§ **Provided data**
BEGIN

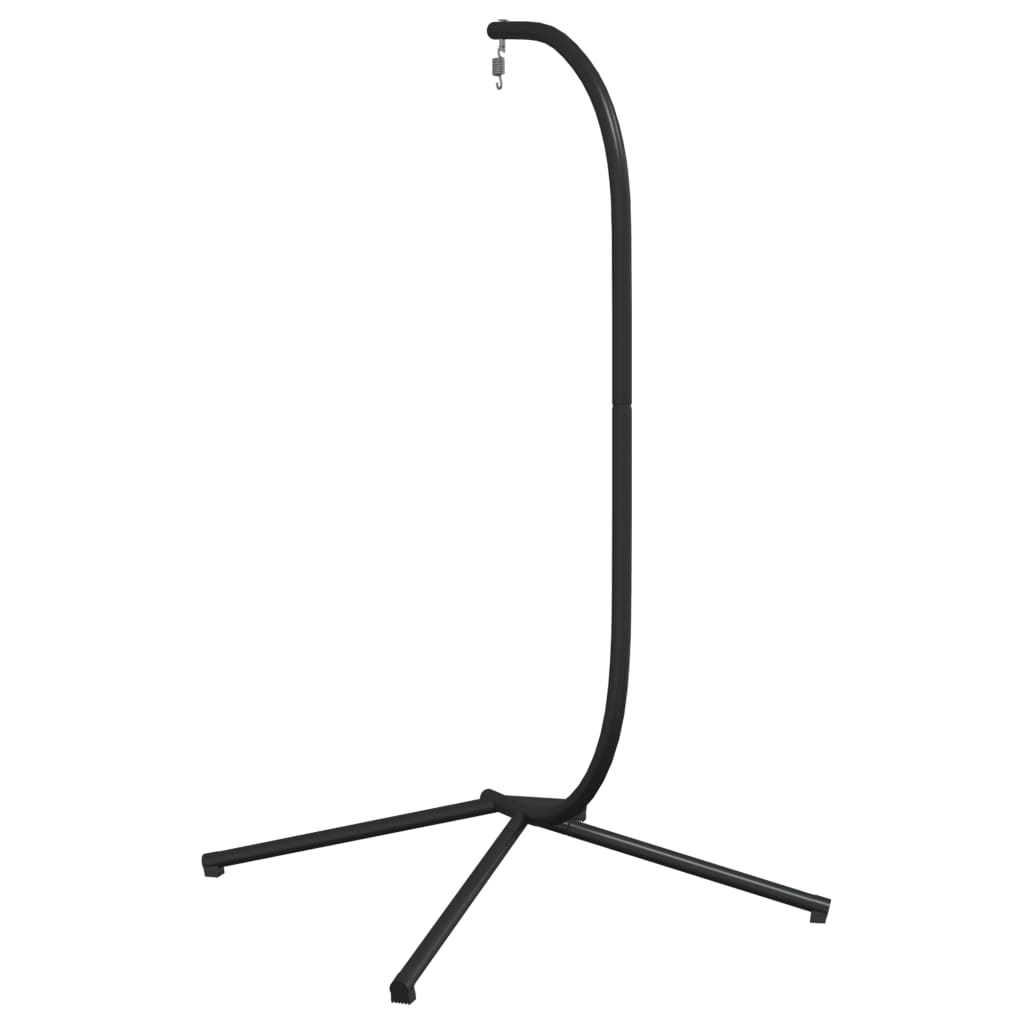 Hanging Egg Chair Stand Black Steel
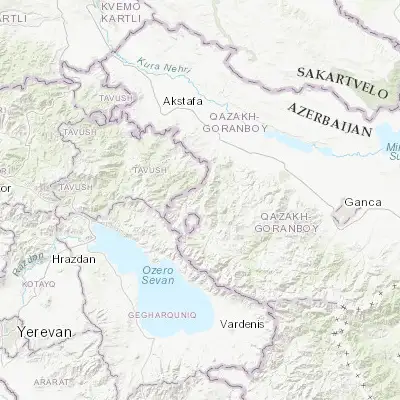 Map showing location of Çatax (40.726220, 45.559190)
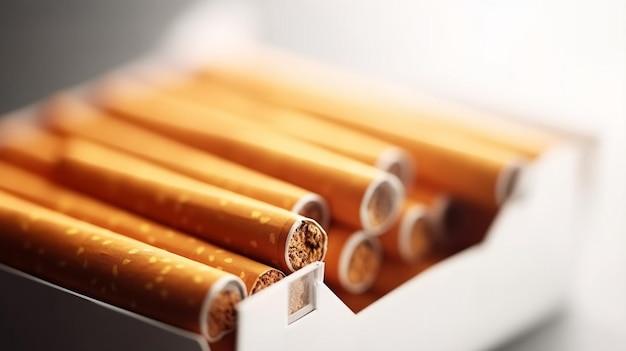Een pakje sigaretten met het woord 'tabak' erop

END

§ **What to do**
This task calls for the listing to be restated exactly, with images omitted.

§ **Answer box**
 Hanging Egg Chair Stand Black Steel
 Map showing location of Çatax (40.726220, 45.559190)
Een pakje sigaretten met het woord 'tabak' erop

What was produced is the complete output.